The budget solution is to calculate relative positions from a corner stake.
You will need a compass, a clinometer, a tape measure, a notebook, and an assistant. Starting at the known location, take readings for azimuth, inclination, and distance from the base point to your point of interest. If the point of interest is distant or around obstacles, you can make a chain of survey points. In the series, take measurements from point A->B, B->C, C->D, etc., until you reach your destination. You can use simple trigonometry to determine the relative positions.

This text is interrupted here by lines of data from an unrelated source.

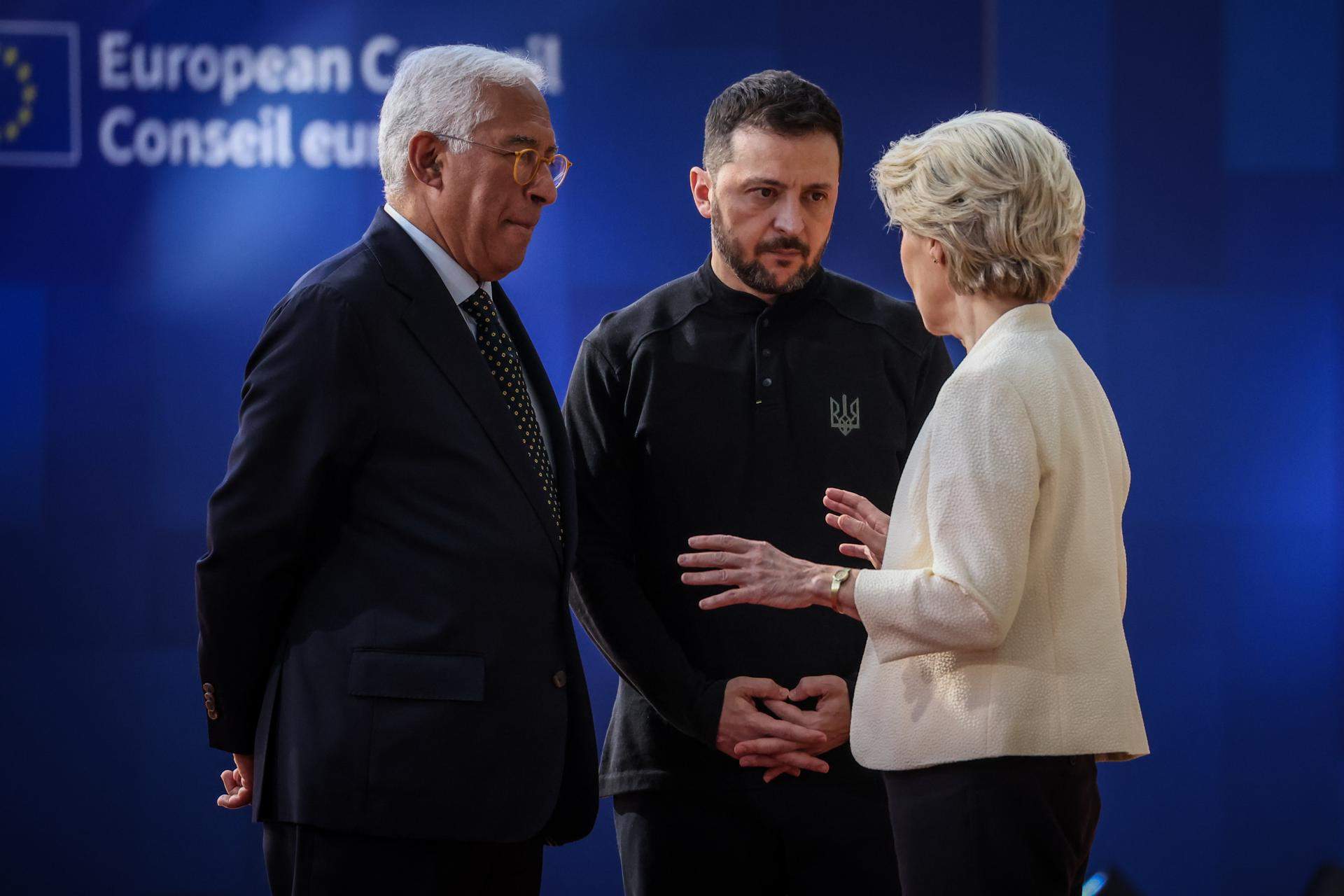 La UE mou fitxa i acorda la mobilització de 800.000 milions davant les amenaces de Trump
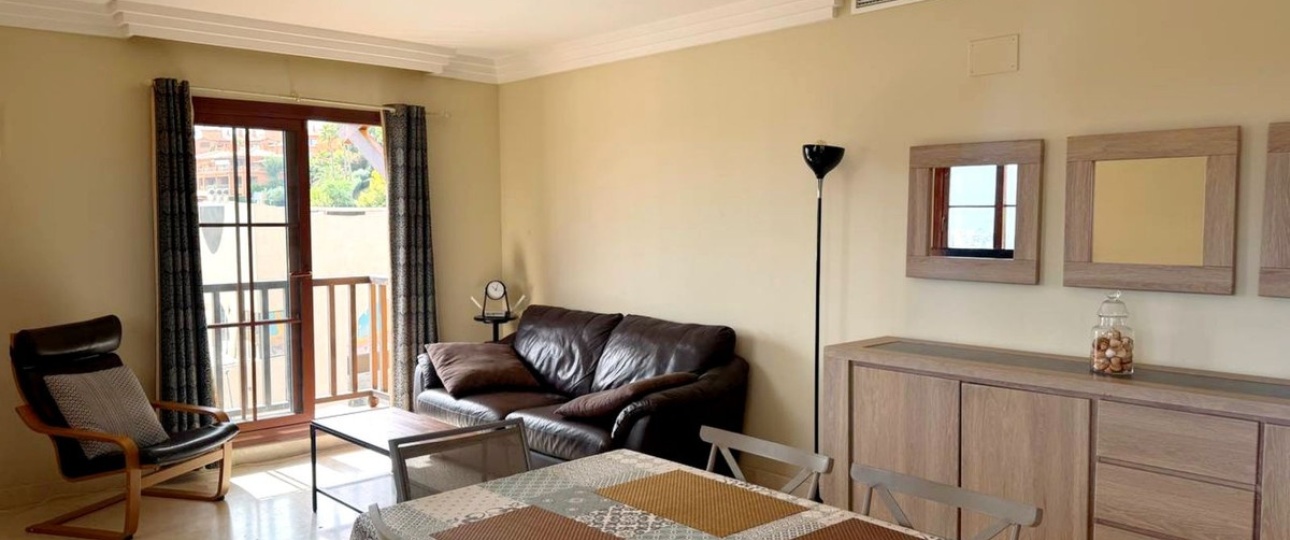 Resale - apartment - Estepona - Atalaya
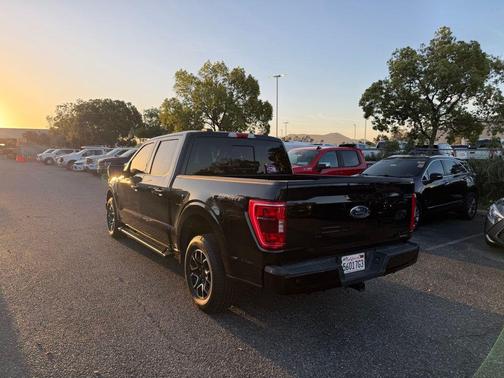 AGATE BLACK METALLIC 2021 Ford F-150 XLT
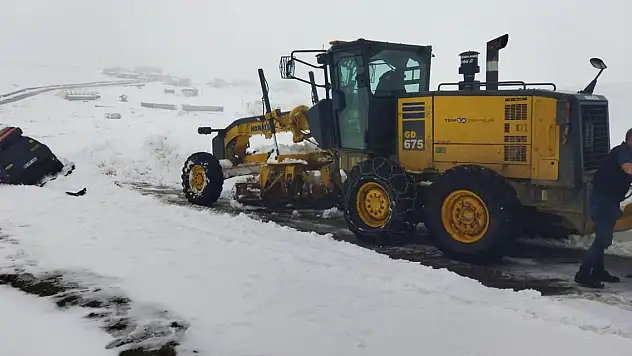 Ekiplerin kar mesaisi erken başladı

To maximize accuracy, take readings as close to the survey stations as possible and record readings both from A->B and B->A. Good equipment helps too; for such tasks, I use a SUUNTO KB14 compass and SUUNTO PM5 clinometer. A Brunton Pocket Transit would work for your accuracy requirement, and can sometimes be found at military surplus stores for cheap. A laser measurer, plumb bob/protractor, and hand compass might work too (note: I've never tried that particular configuration. Making a loop from a known location to point of interest and back to the known point, and then assessing the closure error can provide a helpful metric of accuracy).
Relative position calculation functionality and error assessment are common in cave surveying software. See for instance, Fountainware's COMPASS Cave Surveying software (shareware). Such software often has GIS data export too.
For more pointers, you might check out web resources on orienteering, cave mapping, or land survey. Getting precise positioning requires practice, training, and skill. However, for 1' (0.3m) accuracy in distances likely within a 2 acre (~8000m^2) area, a careful novice could get satisfactory results.